European Digital Rights, an international coalition, agrees and is calling for the regulation to be withdrawn. They argue it will force all our chat and email providers to know what we're writing at all times and will eliminate anonymity from many legitimate online spaces.
Zarzalejos pushes back on all of this. He emphasizes that companies won't apply the same measures everywhere—a paid service with age verification works differently than an anonymous chat app. Each member state's authorities will have to approve the protective measures. He also disputes that scanning violates privacy: encryption stays in place, the technology is extremely reliable, and it works like spam detection, identifying patterns without accessing message content. "No one is going to conclude that a child is being abused or groomed based on one or two sentences or photos of my grandchildren at the beach," he says.
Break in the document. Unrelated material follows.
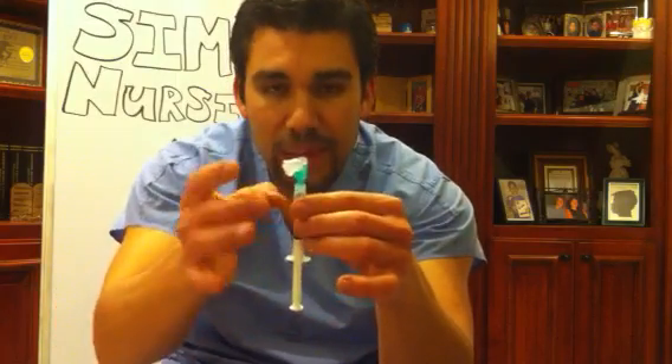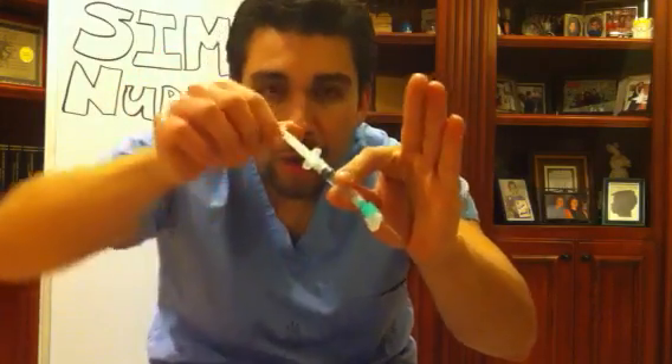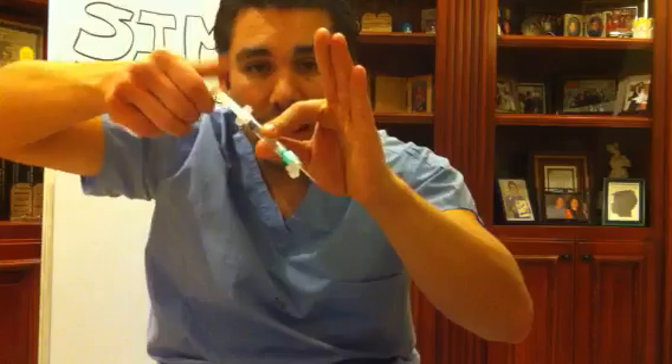Draw it up and make sure the bubbles come out the top. You want to bead your drug at the end of the needle. Make your landmark, swab with your alcohol prep from inside out. Using the Z-track method, pull the skin taut, hold the syringe like a dart, and stick it in. Grab the plunger and pull back — that's called aspirating — to make sure you're not in a blood vessel. Then push it all the way in.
The vote is coming. What passes will reshape how the internet works in Europe and likely influence policy elsewhere. The question hanging over it all is whether you can sacrifice privacy to protect children, or whether that trade-off destroys the very freedoms you're trying to defend.
Notable Quotes
The idea is ancient: ending internet encryption and the privacy of communications. This is the old dream of power.— Sergio Salgado, Xnet digital rights activist
As adults, it is our duty to protect children. Child sexual abuse is a real and growing danger. The proposal establishes clear obligations for companies to detect and report abuse, with strong safeguards to ensure everyone's privacy.— Ylva Johansson, EU Internal Affairs Commissioner
The Hearth Conversation Another angle on the story
Why is this regulation so contentious if both sides agree child abuse is terrible?
Because they disagree fundamentally on whether scanning private messages actually stops abuse or just creates the infrastructure for something worse. One side sees a tool; the other sees a precedent.
What's the false positive problem Salgado keeps mentioning?
Google once locked out parents who sent photos of their kids to doctors. A Spanish teacher lost his files because an algorithm flagged innocent images. If millions of messages get scanned, innocent people will be caught in the net—and their lives disrupted while they prove they did nothing wrong.
But Zarzalejos says human reviewers will catch those mistakes before anything happens.
That's the theory. In practice, companies have legal liability and will err on the side of caution. They'll delete first and apologize later, if at all. And the sheer volume of false flags will overwhelm the people actually investigating real crimes.
Is encryption really going to disappear?
Not immediately. But if companies have to scan messages to comply with law, encrypted messages become a liability. Over time, the pressure to weaken encryption—or abandon it—becomes irresistible. That's what digital rights groups fear most.
What does Johansson say to that?
She frames it as an adult responsibility: we have a duty to protect children from a real and growing danger. She says the regulation includes strong safeguards for everyone's privacy, including children's. But critics say those safeguards are theoretical—they depend on companies and governments acting in good faith.
So who wins this argument?
Spain votes soon. The child protection groups have momentum and moral clarity. But if the regulation passes and creates chaos—innocent people flagged, investigators overwhelmed, encryption weakened—the backlash could be severe. This isn't settled.